The payments fall under a 2014 U.S.-France agreement in which the French government offered $60 million in reparations for Holocaust deportations. In exchange, the U.S. government asked courts to dismiss any lawsuits against the French railway, known as SNCF, and the French government.

The agreement came after U.S. Holocaust survivors who had been transported to Nazi camps on French trains — usually with no food and a bucket for a toilet — objected when a company affiliated with the French railway began bidding on lucrative U.S. rail contracts. The State Department decided which claims merited payment under the agreement.

“This is a really important moment, a very satisfying moment and the end of a painstaking process to help those who were long denied justice,” said former ambassador Stuart Eizenstat, the State Department’s expert adviser on Holocaust-era issues.

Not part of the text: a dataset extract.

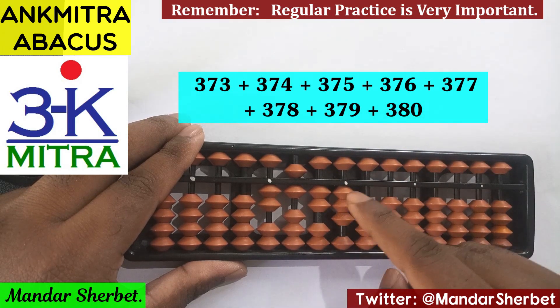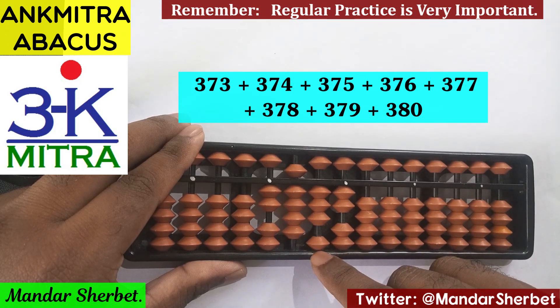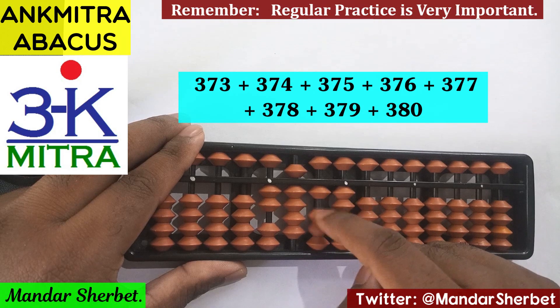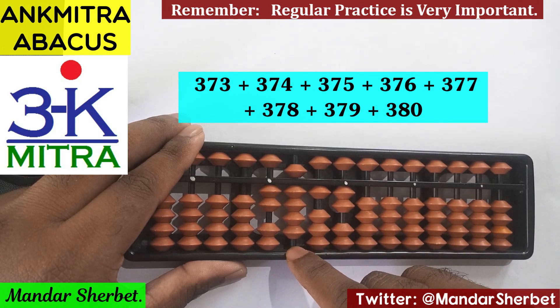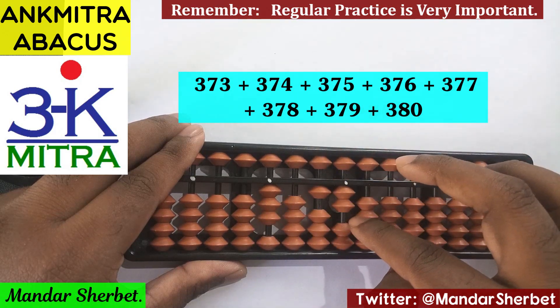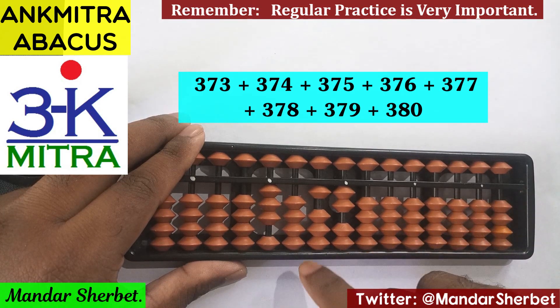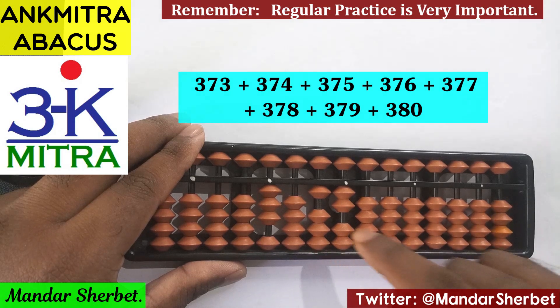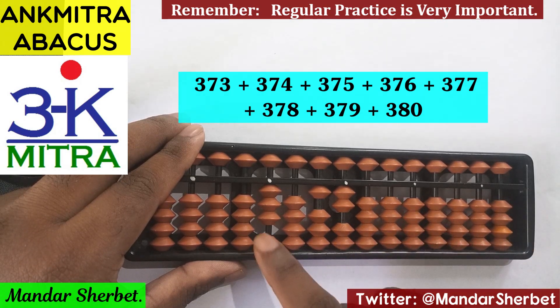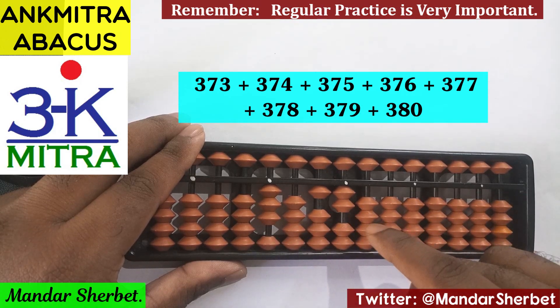The last number to be added is 380. For adding 3 on this rod, it is direct. For adding 8 on this rod, the regular big friend formula is used: minus 2 plus 10. For the carry — addition of 1 on this rod — we use minus 9 plus 10. And 0 on this rod means nothing to be done. So 380 is also done. The final answer after adding all numbers from 373 to 380 — 8 numbers in total — is 3012.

Greg Schneider, executive vice president of the Conference on Jewish Material Claims Against Germany, said reparations are “important for the historical record” and to hold governments and companies accountable for their roles in the Holocaust.

“Holocaust compensation is never about the money,” said Schneider, whose nonprofit group negotiates for reparations. “It’s about acknowledgment. It’s about recognition. It’s about justice. … Is there any amount of money that could compensate you for even one day in Auschwitz, a factory of death and murder?”

The French Holocaust reparations agreement was unique, Eizenstat said, because it included compensation for the heirs, including children and grandchildren, of both deportees and their spouses. The heirs were viewed as “standing in the shoes” of those who had died before the agreement was signed, he said. The heirs will receive a portion of a deportee’s and spouse’s payments, depending on when they died.

The State Department approved 386 of the 867 claims filed, officials said. The agreement covered U.S. citizens, as well as deportees who settled in other countries after the war. It did not cover citizens of France, the United Kingdom, Belgium, Poland and the former Czechoslovakia because those countries have their own reparations programs, Eizenstat said.

Most who are receiving payments are Americans or Israelis, officials said, but they include survivors, spouses and heirs from Canada, Mexico, Peru and other countries. They also include eight to 10 U.S. and Canadian airmen who were deported after being shot down over France, officials said.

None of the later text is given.